Developing Molecular Switches
Developers hope to use graphene technology to deliver a new class of electronic components that promote further miniaturization and pave the way for promising sensing, optoelectronic and flexible-device applications.
November 1, 2018
Scientists from Graphene Flagship, a European research initiative, have extended the limits of nanotechnology by combining graphene’s properties with precision molecular chemistry to develop a way to create and validate molecular switches.
These light-responsive, graphene-based mechanisms promise to help the fabrication of multifunction devices whose electrical output can be manipulated through use of external stimuli. Developers hope to use this technology to deliver a new class of electronic components that promote further miniaturization and pave the way for promising sensing, optoelectronic and flexible-device applications.
Controlling Molecular Events
Until recently, a significant shortcoming of nanotechnology has been the inability to precisely manipulate the electrical output in solid-state devices through the control of molecular events. To address this issue, developers sought to fabricate multifunctional devices whose electrical conductance could be adjusted by exploiting unique functions encoded in specific molecular groups.
Researchers have conducted studies using photochromic molecules, which can switch between two stable states when exposed to light in specific wavelengths. The results showed that these molecules allow the use of light to modulate the electrical characteristics of solid-state devices. Of particular interest, some exercises indicated the possibility of exploiting photochromic molecules to modulate the conductance of semiconductive materials, which could eventually lead to light-switchable macroscopic devices.
Unfortunately, in these cases, the switching process was inferred, based on electrical characterization, without real-space visualization of the supramolecular structural changes.
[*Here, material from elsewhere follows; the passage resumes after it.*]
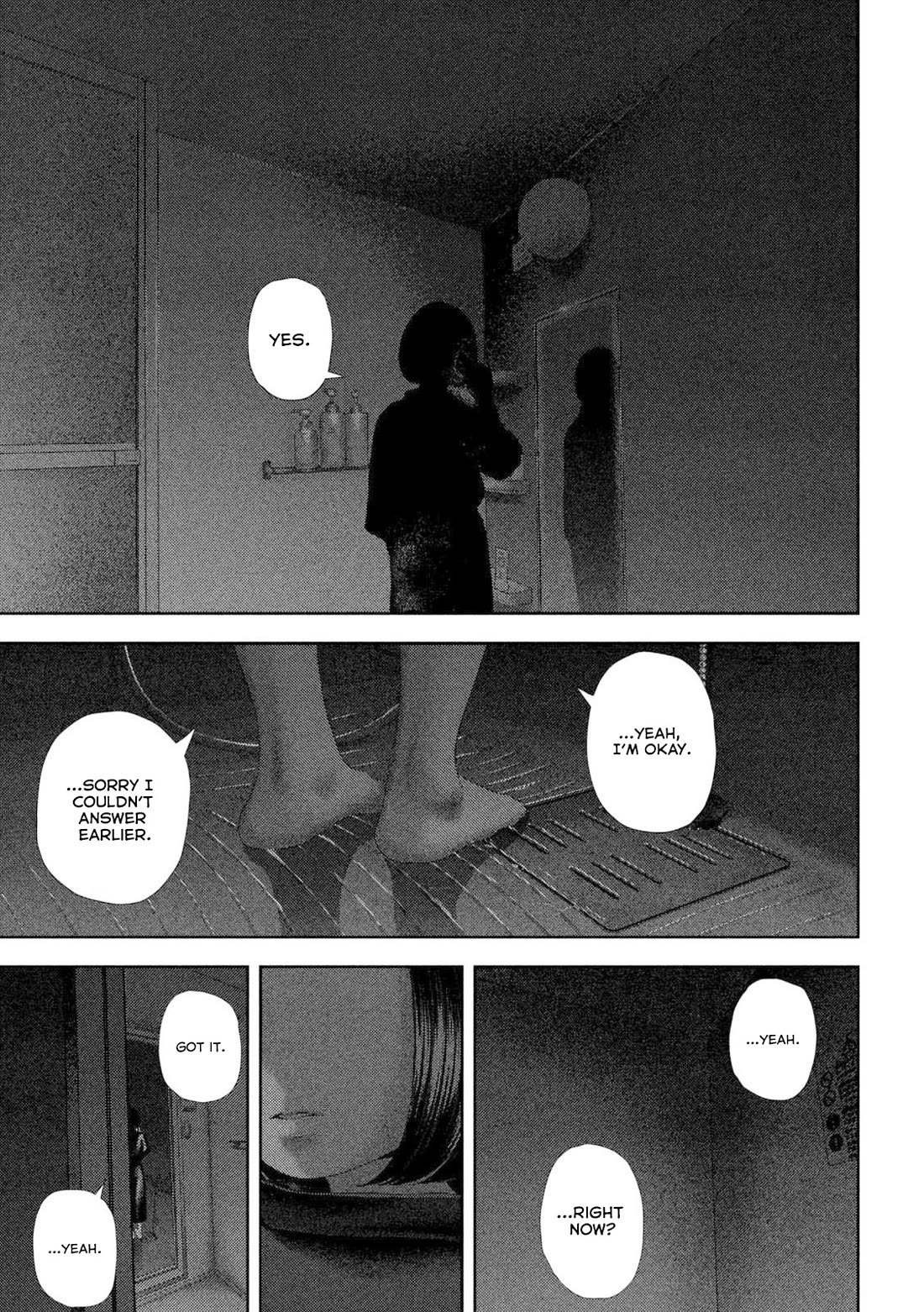 Nezumi's First Love Chapter 57 page 12 - Chapter 57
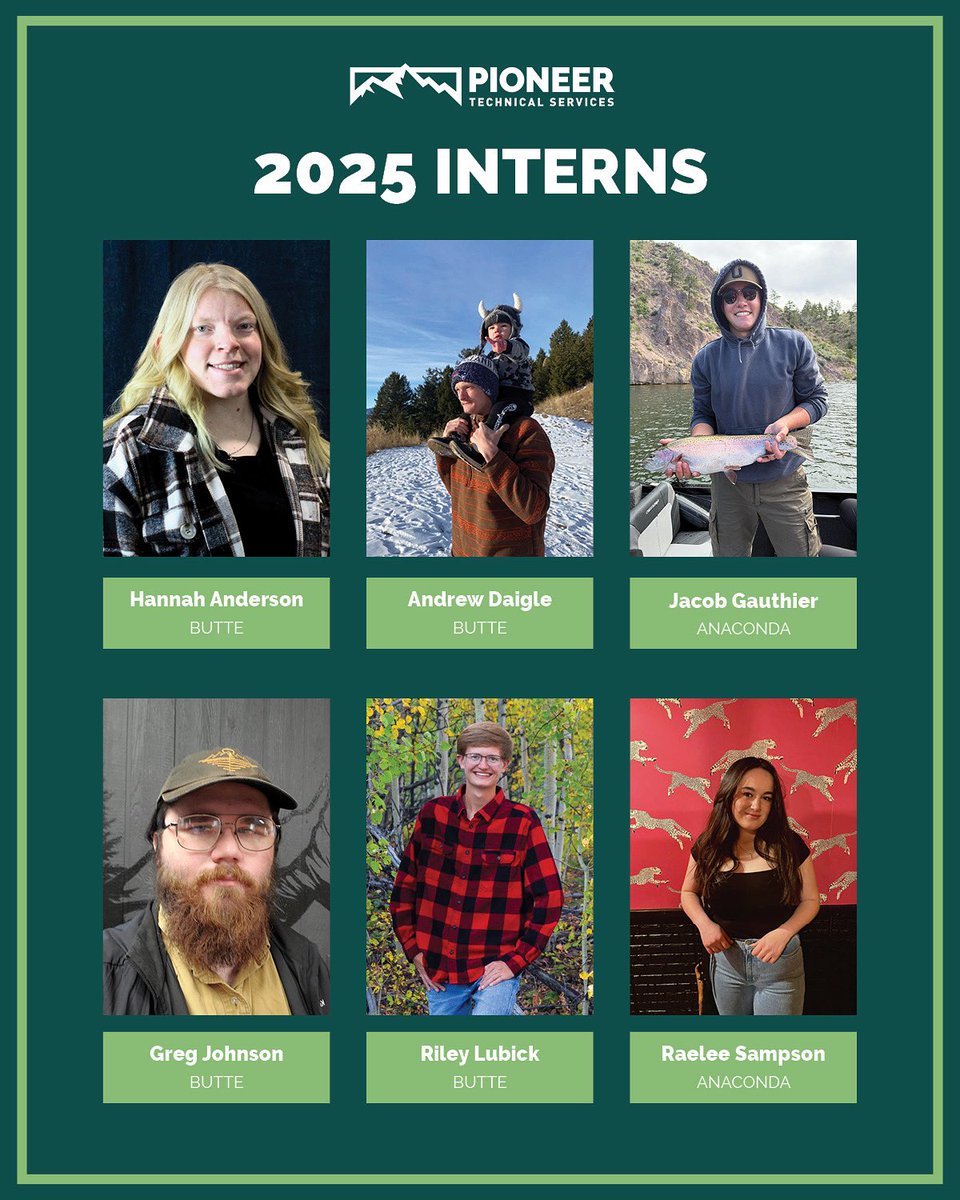 It's #NationalInternDay! Today, we celebrate our incredible interns: Hannah Anderson, Townes Catron, Andrew Daigle, Taylinn Garrett, Jacob Gauthier, Greg Johnson, Jack Keeley, Mayah Lemke, Riley Lubick, Raelee Sampson, and Ruby Tuesday. They have been a huge support!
As a result, scientists have found it difficult to validate the working mechanism of these switches, meaning the electrical effects measured at the device level could not be rationalized.
Building a Molecular Switch
The Graphene Flagship research team has addressed these shortcomings by designing a molecule that undergoes chemical transformations when illuminated by ultraviolet and visible light. The researchers found that by anchoring the molecule to the surface of 2D materials, such as graphene or molybdenum disulfide, they generated an atomically precise macroscopic superlattice—in this case, a structure of layers made up of two materials. The superlattice undergoes structural rearrangement when illuminated.
This switching event can be observed with a sub-nanometer resolution using a scanning tunneling microscope. This way, the technology provides visual verification of the transformation, taking validation beyond electrical characterization.
Equally significant, the light-induced molecular reorganization triggers large changes in the macroscopic electrical properties of the hybrid device. The molecule-graphene superlattice converts single-molecule events into a switching action that generates a macroscopic electrical response.
This technique promises to allow scientists to exploit the collective switching events occurring in the hybrid superlattices to trigger large-scale, reversible modulation of the electrical properties of opto-electronic devices.
Technology’s Potential Impact
To understand how this will impact electronics in general, and devices like sensors specifically, review the two main components.
Two-dimensional materials such as graphene offer large surface-to-volume ratio, unique optical properties, high electrical conductivity, ultra-high surface sensitivity and high carrier mobility and density. Combined, these qualities provide a rich medium for the interplay between molecular assembly on the materials’ surfaces and electrical transport in devices. Researchers also found that graphene facilitated the hybridization process by enabling them to arrange well-defined molecular groups at predetermined locations, with atomic precision, tailoring supramolecular architectures.
Regarding nanosensor development, all attributes are greatly beneficial for sensing functions. For example, graphene’s large surface area enhances surface loading of molecules, and its excellent conductivity and small band gap can facilitate conducting electrons between molecules and the electrode surface. These characteristics promise to make graphene-based devices more sensitive, enable them to detect smaller changes in relevant physical properties and work quicker than traditional sensors.
As for the molecular photoswitch, the ability to tailor molecular superlattices promises to open the door for the development of various new materials that sport tunable and responsive properties.